▶ **Dataset excerpt**
------------------------------------------------------------

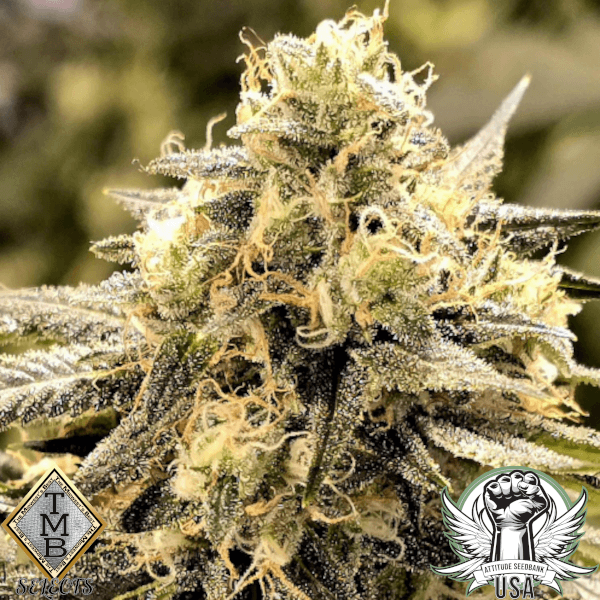 TMB Selects Seeds Original Pepper Pack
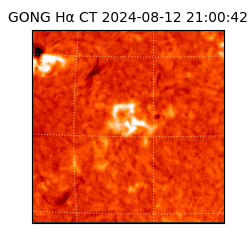 gong - 2024-08-12T21:00:42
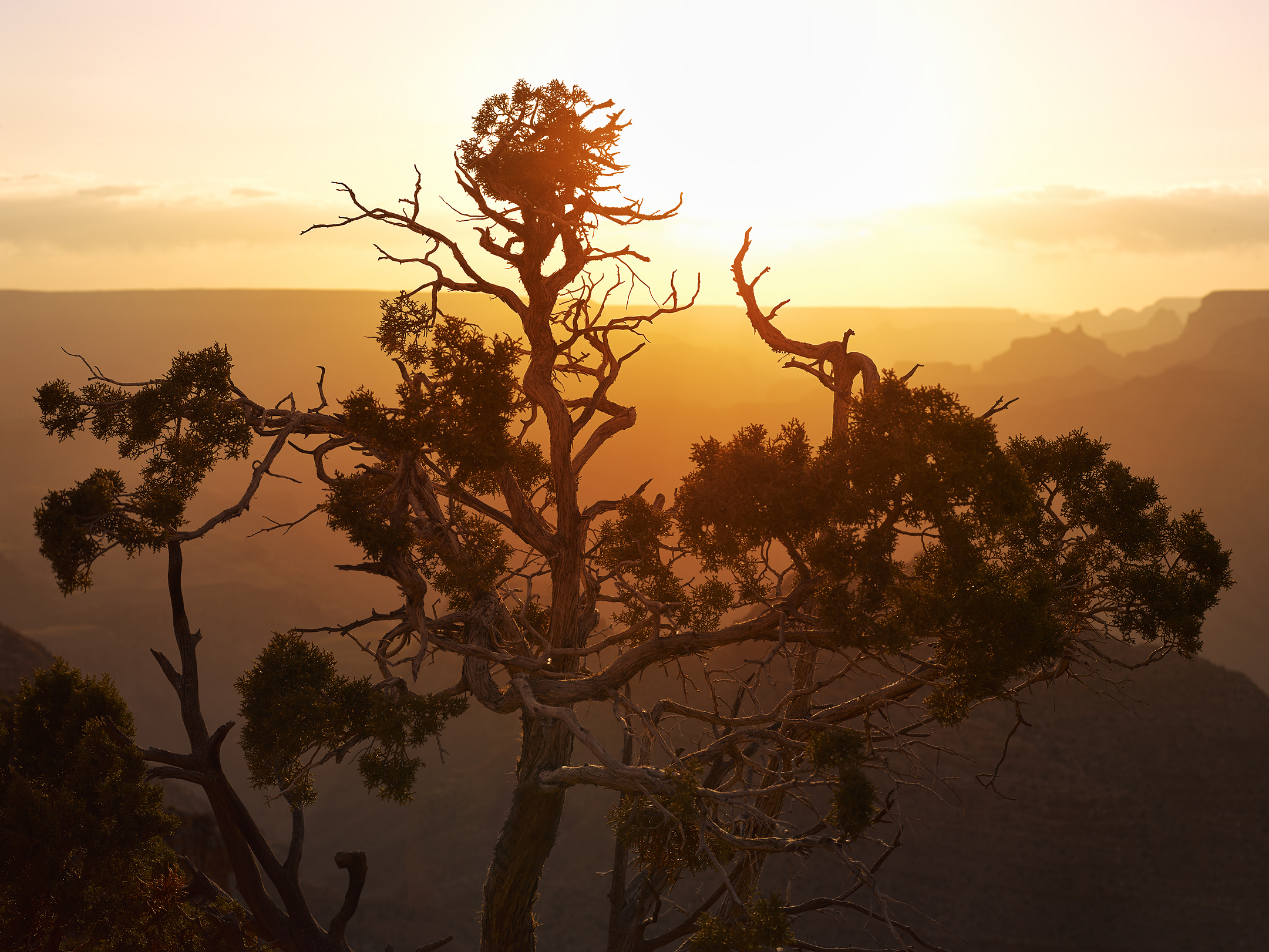 photo of a juniper tree at sunset at the grand canyon arizona. Arizona landscape photography by Travis Neely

------------------------------------------------------------

▶ **What to work on**
Transcribe the whole listing exactly but exclude images.

▶ **Solution**
 TMB Selects Seeds Original Pepper Pack
 gong - 2024-08-12T21:00:42
 photo of a juniper tree at sunset at the grand canyon arizona. Arizona landscape photography by Travis Neely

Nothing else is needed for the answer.